Where do you run tests in Scrum?

The decision on what types of tests to run within a sprint is the subject of much debate within the Agile community and organizations implementing Scrum.  The methodology supports writing acceptance criteria for each unit of work (story) that defines when that item is “done”.  That criteria is used to create a validation plan that is executed when the story has completed development. The story must pass validation to be declared “done”.

People usually struggle with the other types of testing that occur in software development, such as epic testing, regression testing, performance testing, and others.

I’d like to share an approach that has been used on other projects in the past. This is by no means the only way to structure this testing work, but it may give you a starting point from which to make your own improvements.

Keeping the Agile principles in mind, it is a better use of time to actually test the software than to have long debates about HOW to test it.

Example

A software release, Bank Shot 3.2, has two epics:

Epic 1: Allow customer to view credit scores online

Epic 2: Allow user-defined field on customer profile screen

These epics are assign to two teams, Team 1 and Team 2 respectively.
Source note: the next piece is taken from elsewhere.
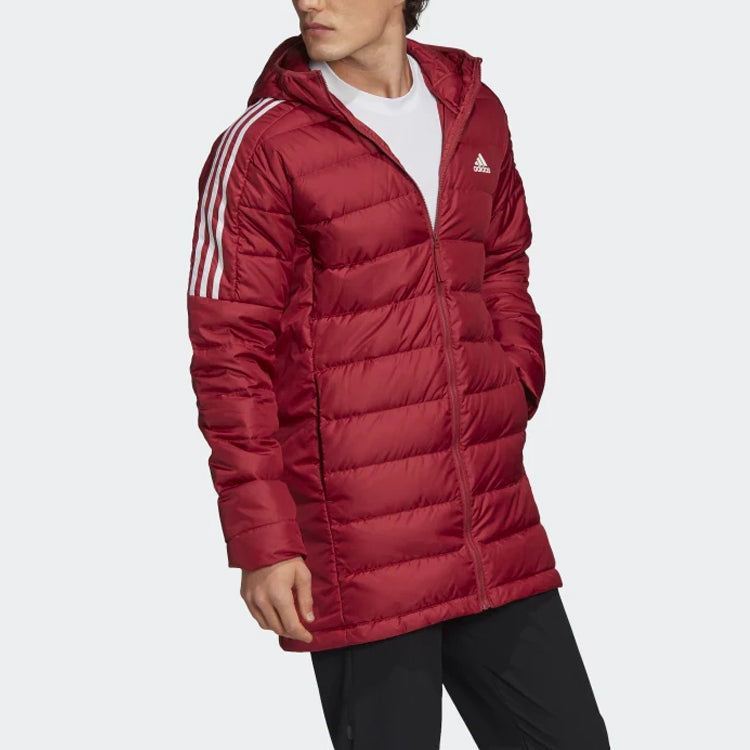 adidas Winter Long Cap Down Jacket Male Red GH4606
These stories will be integrated into Bank Shot Release 3.2.  Each epic has 10 stories.

The diagram below shows the hierarchy of epics and stories, along with the acceptance and validation activity.  For each story, the acceptance criteria and the “doneness” validation are closely related.

Epic Story test hierarchy

How to Manage this Work in a Scrum Team

Story acceptance criteria should be developed in conjunction with the customer or customer-representative on the team. In that regard, they are user acceptance tests at the story level.

Here are two simple rules that will allow you to manage the testing work within a scrum team

  • The acceptance criteria and doneness validation work should be done as part of the story.  No additional work should be put on the board for these two activities.
  • Create a story card for the epic that will track any design, specification, test planning, and test execution that is done at the epic level.  This card may need “special treatment” since it will have a longer duration than a typical story

 

Release testing

With small projects that have one or two teams, all of the system testing activities can be done as part of the epic acceptance testing.  Larger software systems often require separate integration, system, and performance testing.
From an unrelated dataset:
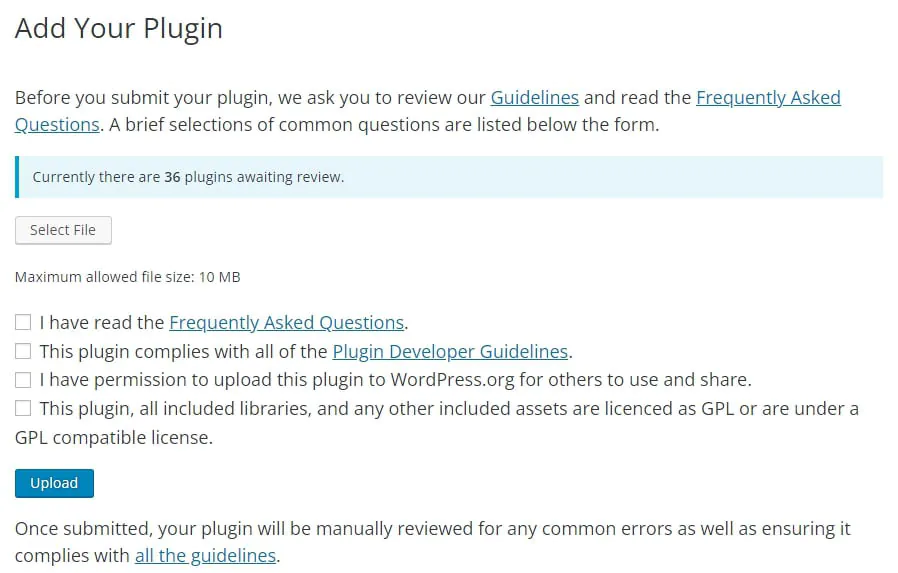 WordPress Add Your Plugin screen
The diagram below shows an approach for this type of test planning and execution

Release Testing

The concept is that the epic acceptance criteria is fed into an already existing system test plan. The changes are reviewed and the system test plan is updated to reflect the new function.  This activity is run by an independent test organization. An option is to have one of the development teams act in this role .

Continuous integration and regression testing should be occurring throughout the life of the project, so the final regression testing should be minimal.

Summary

Here is a summary of the three rules that can help you to manage testing:

  1. Story tests are defined and run by the scrum team as part of the story work.
  2. Create a story card for your epics to track activities such as testing that are part of the epic and not reflected in the individual stories.
  3. Designate a release test team (if you don’t have one), to create a  system test plan from a combination of the existing tests and the validation information from the new epics.